Who brought Maurizio Donadi (from RRL) into the fold? He’s able to work pretty well in both of the Levi’s XX directions i.e. vintage and modern…

I’m not sure if you guys are aware, but he’s not currently with the brand anymore. He was brought in to ignite and start both of those brands, and to give the brands a really strong premium position, and he has recently moved onto other things. But right now, we are managing from a different perspective – a few different leaders are involved, still supportive of a premium perspective and still balancing the heritage part and obviously the modernity of Made & Crafted.

Having worked for sports brands prior to Levi’s, and as Made & Crafted applies a forward approach, do you ever consider to incorporate sportswear innovation to the brand?

That’s a good question. Maybe not sportswear innovation, but innovation, yes. I think with the brand you may experience in both Levi’s Red Tab and within LVC (Levi’s Vintage Clothing), most importantly Made & Crafted, is innovation for us really comes down to fabric, fit, function and finish. When we say we’re obsessed on details, we’re also obsessed with the normal or the foundation processes to produce product. That’s how I would sum it up as that.

Sustainability is an important issue with brands nowadays, how does the Levi’s XX division plan to carry that out?

It’s absolutely an important issue. We don’t communicate it as broadly to our consumer base at that pinnacle level as Red Tab, but we are partnered on the same mission – it’s the same brand mission for sustainability. So we implement or incorporate as much into the construction into our materials, our product and our sourcing as we possibly can.

How does a product become a Levi’s Made & Crafted product?

We have a different product team. We have some of the most imaginative and creative designers working on Made & Crafted. They’re also working on the heritage aspect of the line. Their fundamental mindset or foundation to where they get their insight is really rooted in the brand. So as they begin to develop and come up with concepts into the future, it’s basically developed by understanding where the brand wants to go and making sure we’re current in the marketplace as far as trend goes for both men and women.

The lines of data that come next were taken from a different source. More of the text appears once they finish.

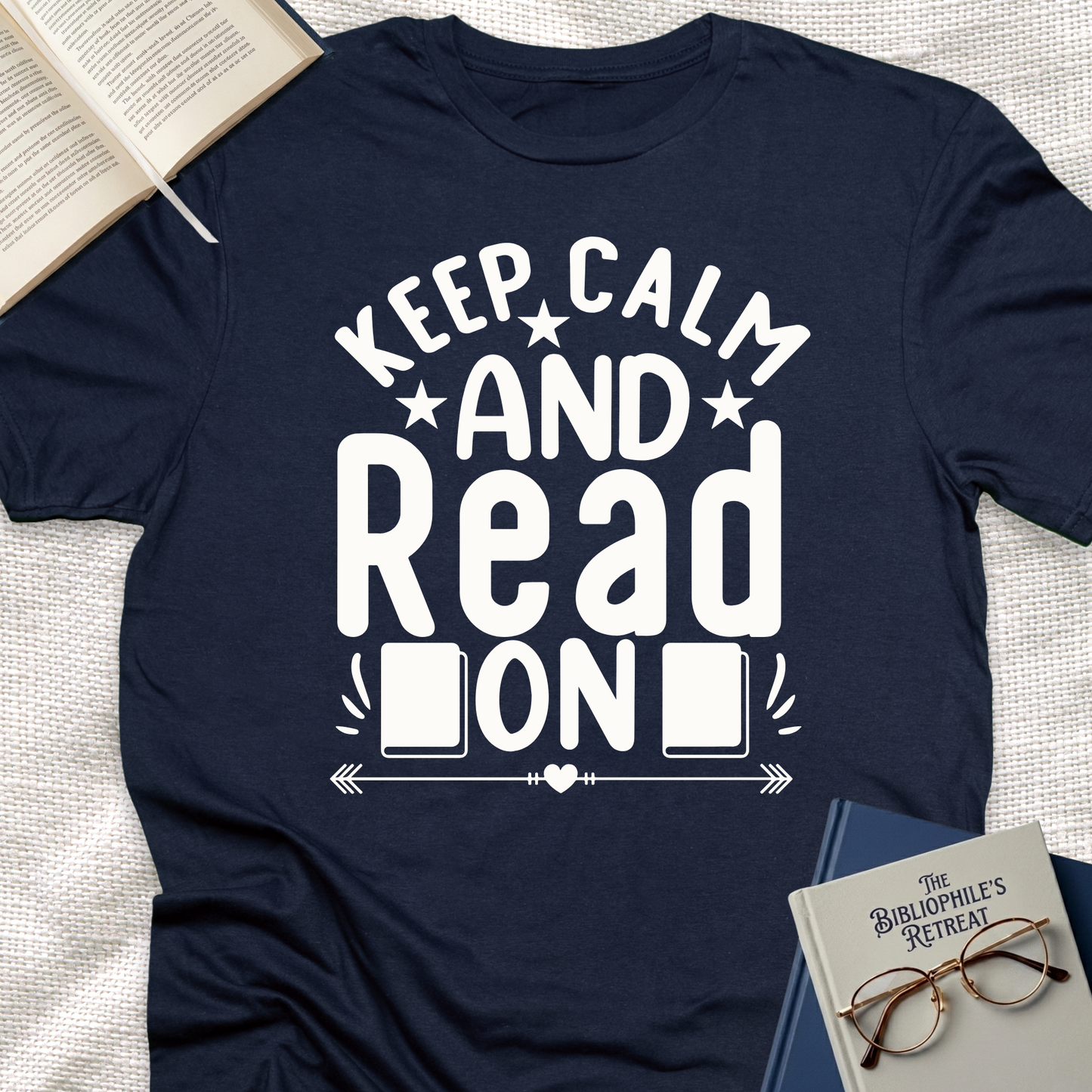 Keep Calm and Read On Tee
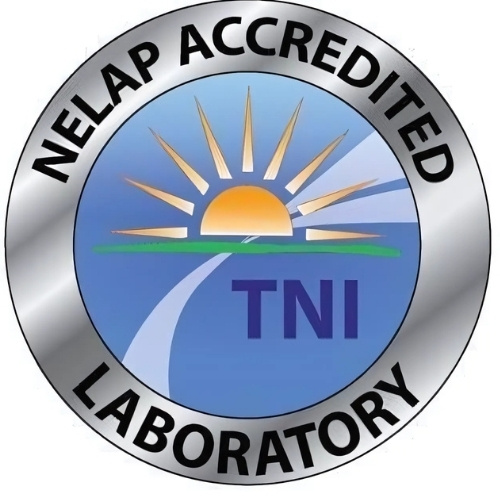 NELAP Accredited Laboratory (TNI), NJ Lab ID 20045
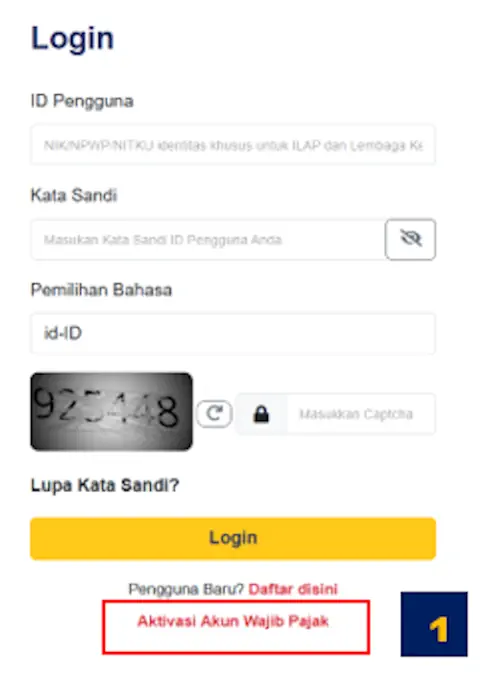 login coretax djp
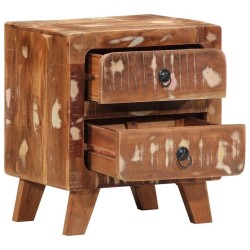 Table de chevet 2 pcs 40x32x46 cm bois massif de récupération 620888620888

It’s said that Levi’s XX is about customers finding about the brand and not the other way around. Can you explain this a little bit more?

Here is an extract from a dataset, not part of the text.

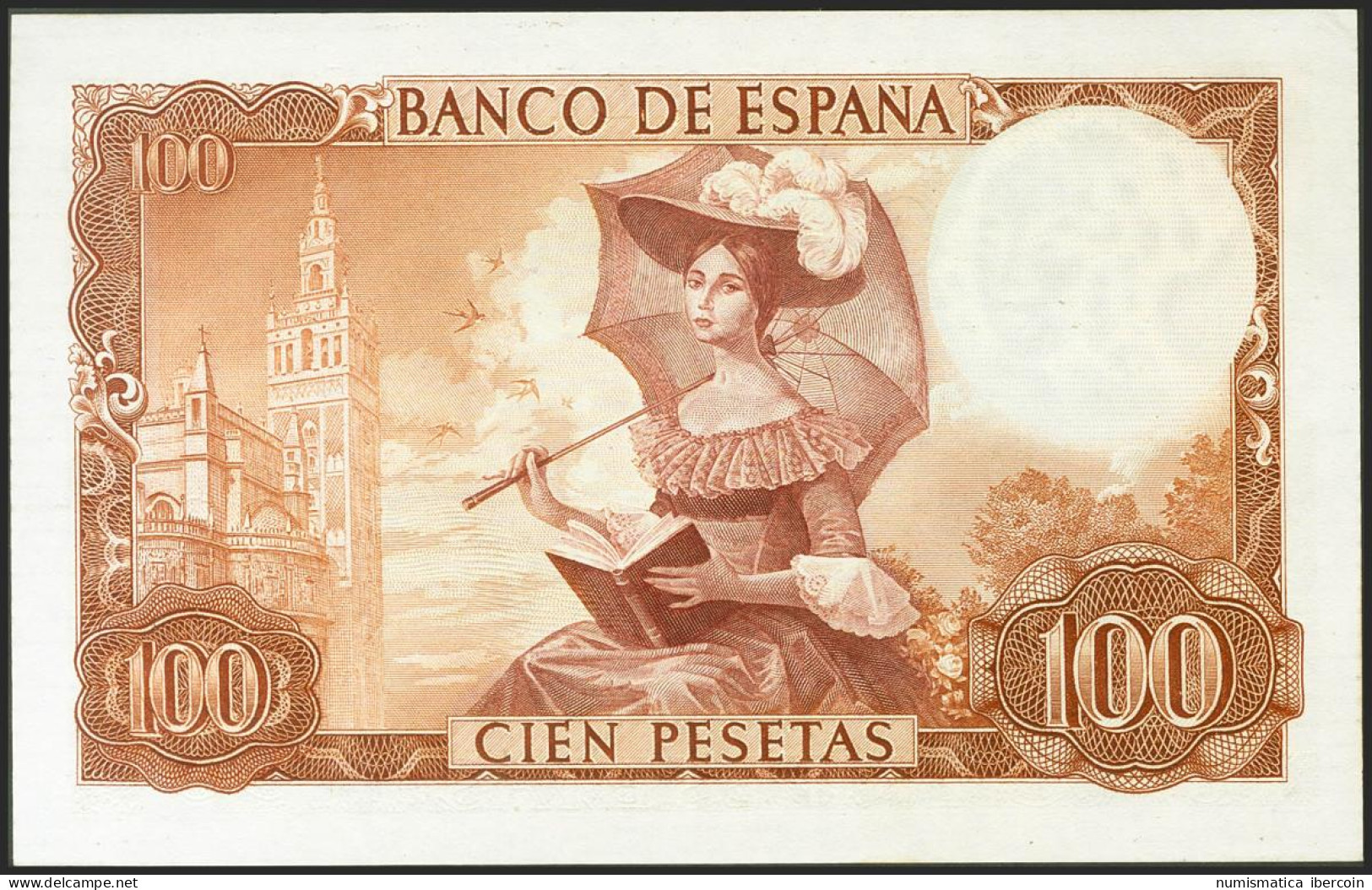 100 Pesetas. 19 De Noviembre De 1965. Sin Serie. (Edifil 2017: 470). Apresto Or - Other & Unclassified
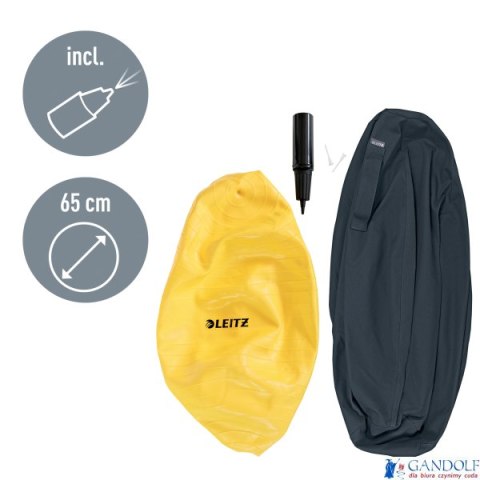 Piłka do siedzenia Leitz Ergo Cosy, szara 52790089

I think the original intent of both LVC and Made & Crafted was to sort position and to build some awareness through the really focused consumer target and really strong distribution strategy. As move forward, you’ll probably get more communication from each one of the brands, so we really, really targeted a focussed consumer base and from that we keep the conversation with them authentic and sincere, and also just broadening our exposure of both of the brands in the future.

The 501 is the prize piece for Levi’s Vintage, evolving from its inception through World War II until the 1970’s. Which is your favourite variation and why?

That’s a good question again. I’m torn between two right now; the ’54 and the ’44. I have to say the 501 1954 is my favourite because it’s got a nice tapered fit; it’s the only time the 501 came with a zipper and it was a really interesting time – if you look at culture it was a really interesting moment, so it had a lot of affect on styling and stuff like that, it has an interesting story behind it.

Is Levi’s Made & Crafted a testing ground of sorts that could trickle down in-line?

It’s not its intent. I think what we have Made & Crafted positioned as is a modern premium expression of Levi’s. It allows our Levi’s consumer that has become more sophisticated in their interests in product or insights around them to grow with the brand. And most importantly it brings in new consumers to experience the brand. It allows people who haven’t experienced Levi’s in a long time to experience a fresh modern perspective of it and just kind of reenergises the whole brand of Levi’s.